Why Kids + Grandparents Alike Love This Playful ‘Forever Home’

Why Kids + Grandparents Alike Love This Playful ‘Forever Home’

Architecture

by Christina Karras

Chestnut House by Bower Architecture is a new build on the Bellarine Peninsula.

The dining room. Painting left to right by Petrina Bedford, Sammy Veall, April Nulgit. Dining sculptures by Rod Dudley.

The space is flanked by two sunny outdoor areas on either side.

The living room. Beach painting by Craig Parnaby. Painting on right by Sammy Veall.

Sculpture by Tracey Lamb.

The kitchen is designed around a Taj Mahal quartzite bench.

The second storey features a bridge, allowing the grandkids to interact with the adults downstairs.

The entry. Painting by Criss Canning. Sculpture by Peter Blizzard.

The guest bathroom upstairs features a skylight over the curved shower.

Inside the main bedroom on the ground floor.

Sliding timber screens allow the house to remain open, or closed for privacy from visitors.

The outdoor dining area.

Hit-and-miss brickwork and timber create dappled light.

The sandy-coloured exterior settles into the coastal environment.

For the owners of this new Point Lonsdale home, retirement marked a time of renewal.

As Jill and Peter Heinz approached this next phase of life, leaving behind their respective careers as a nurse and a lawyer, the couple also decided it was time to move on from their large, dark Victorian in favour of a house by the beach.

‘The couple came to Bower to design their forever home — a place to live full-time in retirement, and to gather children, partners, grandkids, grand-dogs and friends for long summer holidays and celebrations,’ Bower Architecture co-director Anna Dutton Lourie says.

‘Active members of the community and enthusiastic entertainers, they sought a home that would feel generous and joyful when full, yet intimate and restorative when it was just the two of them.’
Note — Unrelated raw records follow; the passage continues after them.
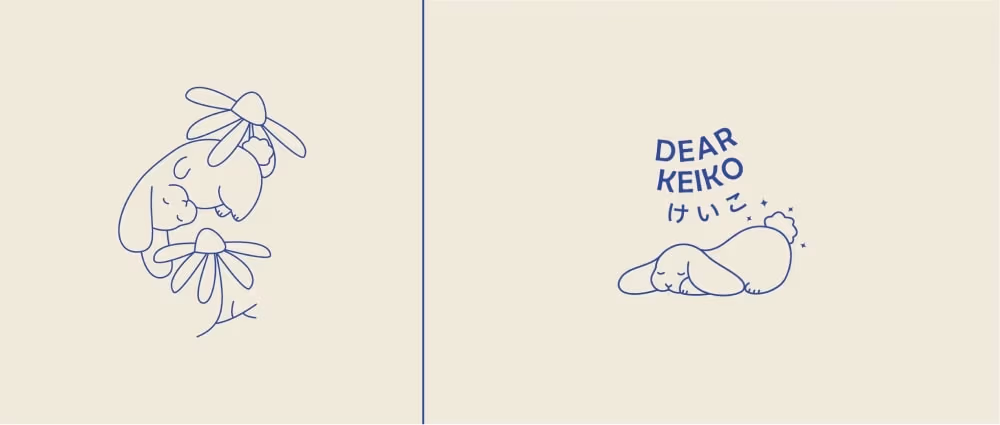 Identyfikacja Dear Keiko od AguWu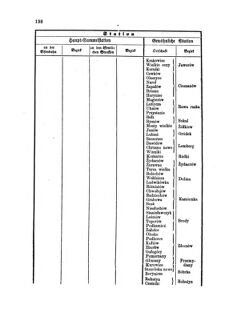 Landes-Gesetz- und Verordnungsblatt für das Königreich Galizien und Lodomerien sammt dem Großherzogthume Krakau 18750930 Seite: 18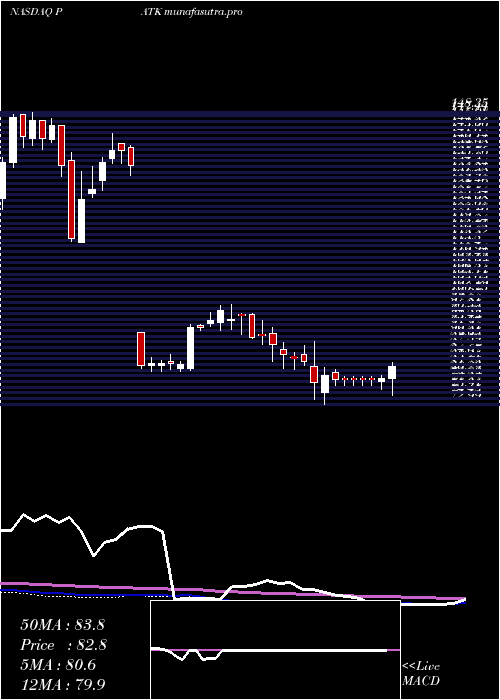 weekly chart PatrickIndustries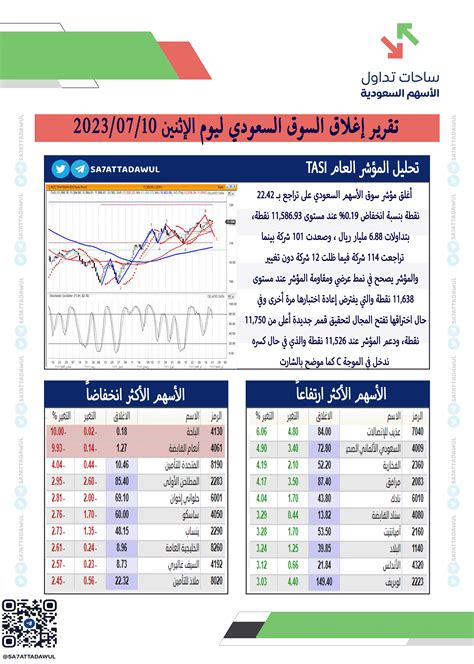 ساحات تداول الاسهم السعودية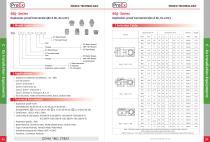 BGJ series Explosion-proof connectors(Ex d IIC, Ex e IIC)-1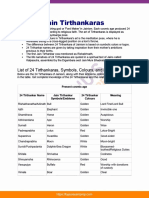 Jain Tirthankaras Upsc Notes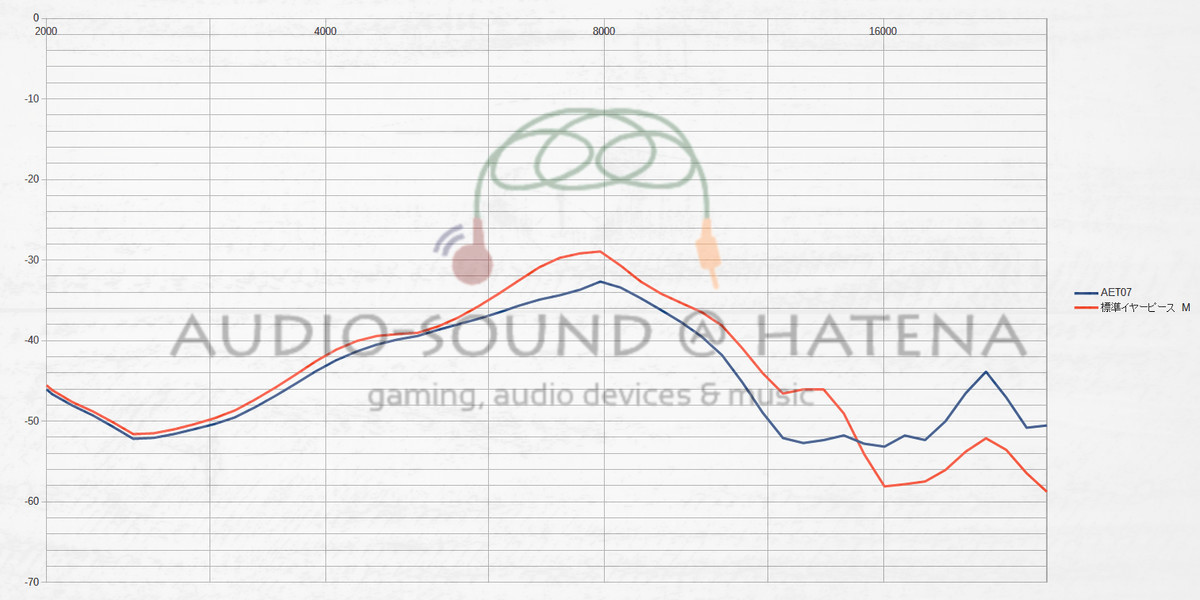 House of Marley UPRISE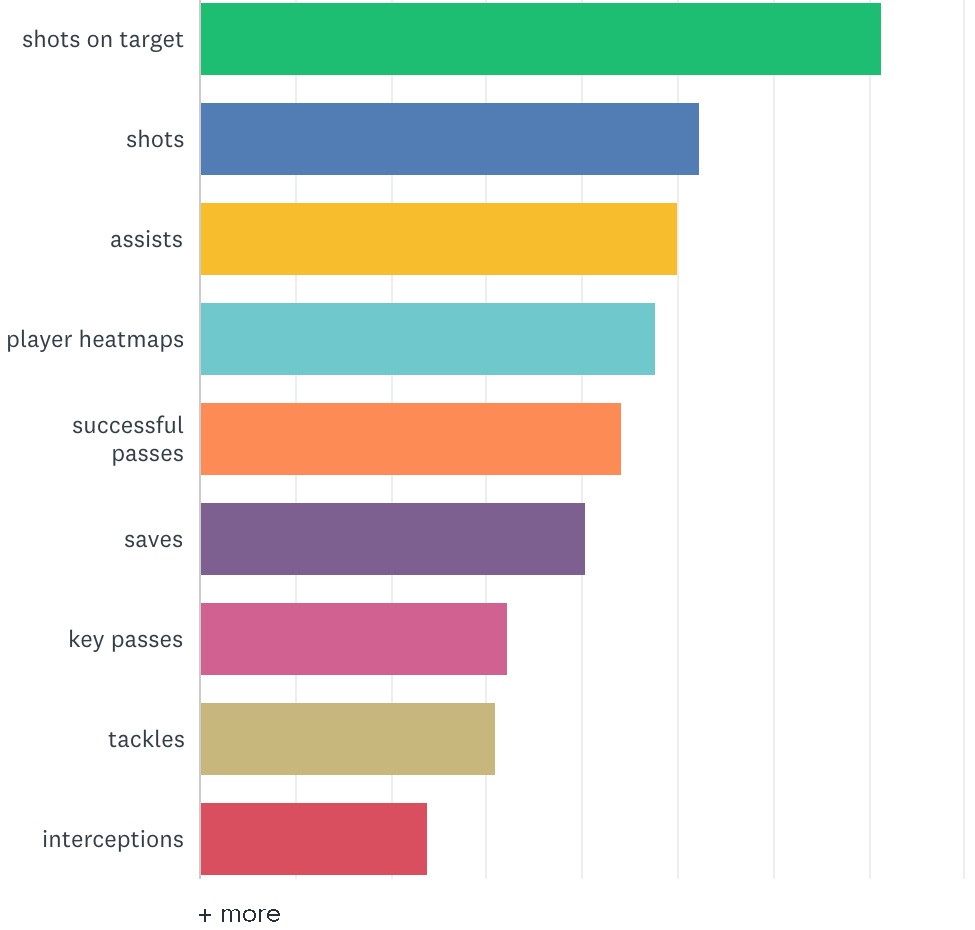 a bar graph showing which stats were most chosen in the survey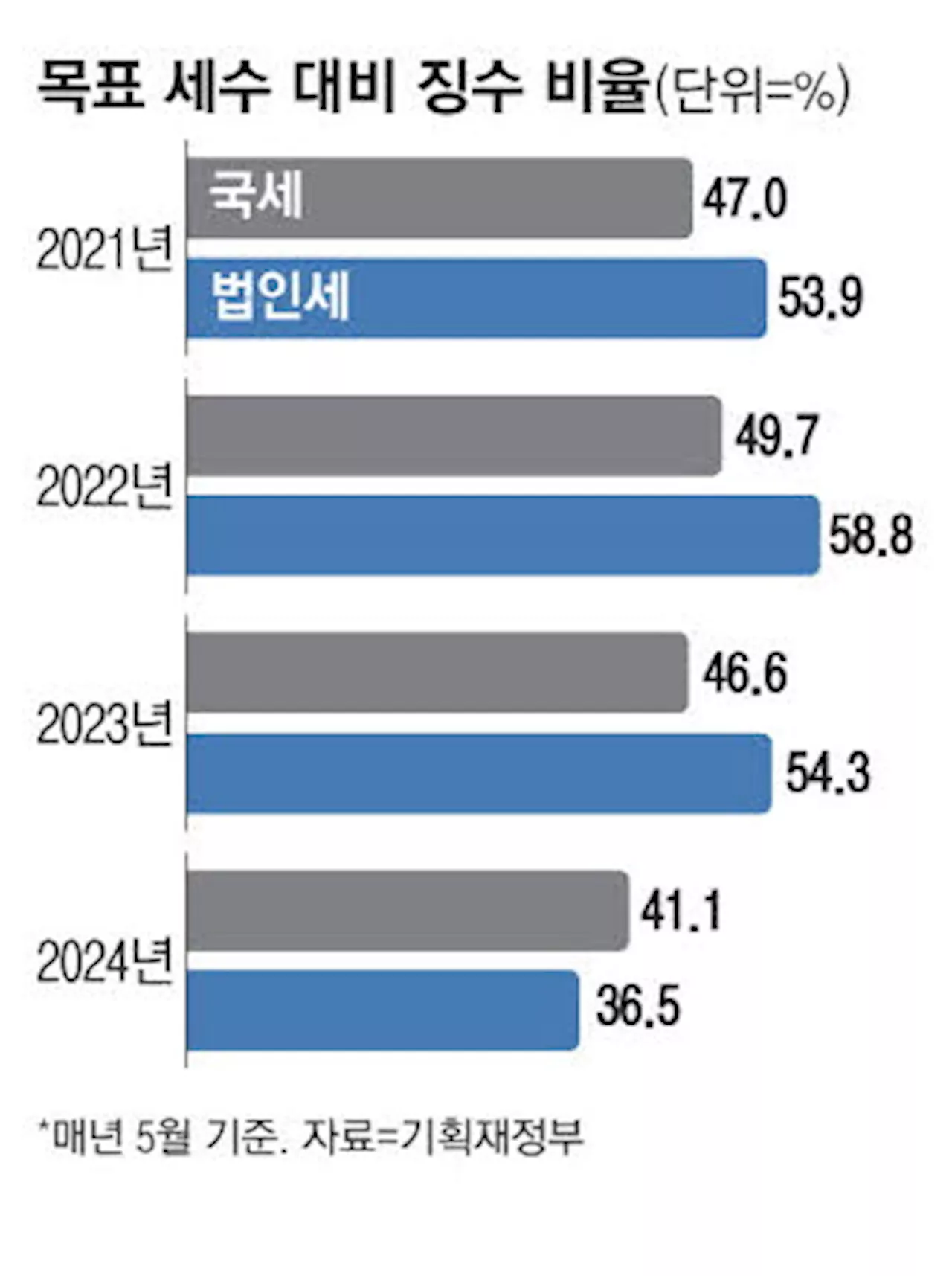 2년 연속 세수펑크 현실화 … 쪼그라든 법인세에 징수율 '역주행'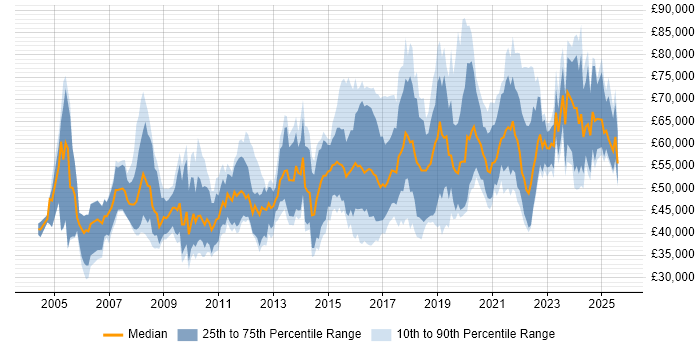 Salary distribution trend for jobs in Manchester citing CISSP
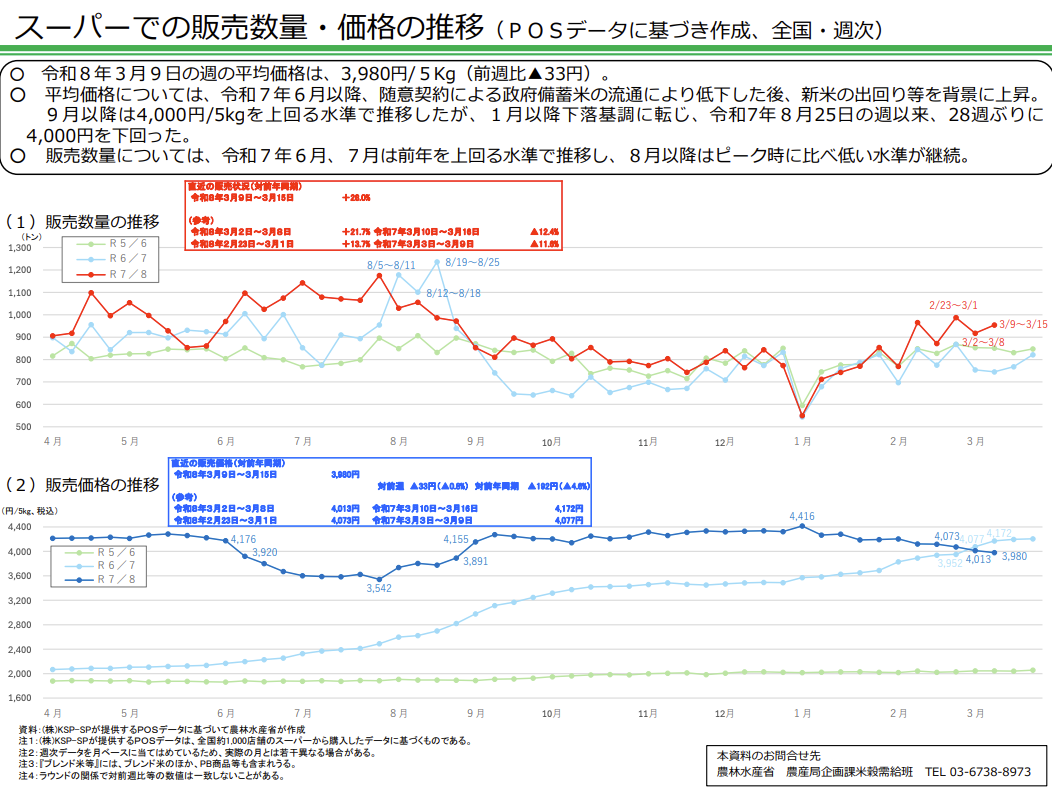 おこめ券 コメ価格の推移グラフ（農林水産省スーパーPOS調査）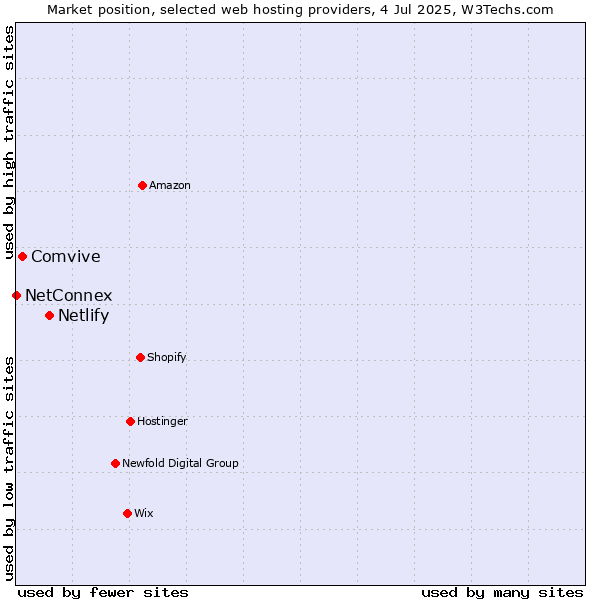 Market position of Netlify vs. Comvive vs. NetConnex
What the architects came up with is now known as Chestnut House, which was lovingly constructed by Jill and Peter’s son, Tim, and his team at Heinz Builders.

The 275-square-metre residence embodies the fun-loving energy of a holiday home, balanced with the practicality the downsizers required: from being able to age in place with the main bedroom on the ground floor, to accommodating sleepovers from their family.

Inside, a sequenced journey of spaces expands and contracts, comprising intimate timber-lined hallways and sunny gardens leading through to a central living hub with a double-height spine overhead — dubbed the ‘connection gallery’.

Operable openings between the two levels and an elevated walkway (which they call ‘the bridge to nowhere’) allow family members to interact throughout the space. The grandchildren often sit on the ledge and play upstairs, calling down to their grandparents below.

‘Sliding doors and screens can work their magic to create more intimacy and privacy,’ Anna says.

‘The study [on the ground floor] adapts when there is a crowd to stay with a Murphy bed. The upstairs zone is for guests and family and can be reached via a concealed stair and lift.’

With the future in mind, the home is all-electric and designed for ease of movement with ample circulation and space for future handrails or walking frames when required.

Robust materials feature both inside and out, with the palette taking direct inspiration from nearby sandstone caves, cliffs, and timber village cottages in the coastal surrounds.

Soft white plantation timber is used to create shiplap cladding, while the couple hand-selected the sand-coloured Krause Bricks at their factory in Stawell. Speckled concrete flooring is paired with the luxurious Taj Mahal quartzite bench in the kitchen, as green roofs on the first floor will soon be covered with lush greenery draping over the exterior.

Colourful art on the walls and a selection of quirky sculptures also injects plenty of personality into the calming backdrop.

‘My favourite moment is when I move through the house from our bedroom towards the living spaces every morning: the opening up of views, light, high ceilings and textures of the brick and timberwork is magic,’ Peter says.

‘The sliding screens create a lovely shadow play that varies how the house feels if they are open, part open or fully across the windows.’

Everyone who visits the home is delighted with the outcome, adults and kids alike. It’s their happy place, where every day feels like a holiday.